AVAILABLE DATA =
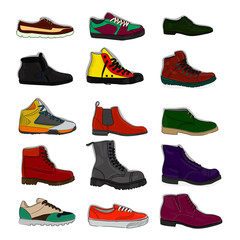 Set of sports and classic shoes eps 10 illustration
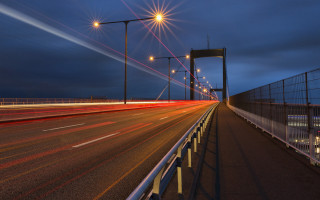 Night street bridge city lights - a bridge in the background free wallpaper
* * *
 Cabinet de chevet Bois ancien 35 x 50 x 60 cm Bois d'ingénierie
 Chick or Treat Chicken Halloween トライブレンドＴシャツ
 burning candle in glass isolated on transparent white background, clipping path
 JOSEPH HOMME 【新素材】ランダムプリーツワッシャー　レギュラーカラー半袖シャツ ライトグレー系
...
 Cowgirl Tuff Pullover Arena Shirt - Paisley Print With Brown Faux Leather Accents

WORK ORDER =
What's needed is an exact copy of the records above from the line containing "Set of sports" down to the line containing "Night street bridge", both included, without any pictures.

OUTPUT OF THE TASK =
 Set of sports and classic shoes eps 10 illustration
 Night street bridge city lights - a bridge in the background free wallpaper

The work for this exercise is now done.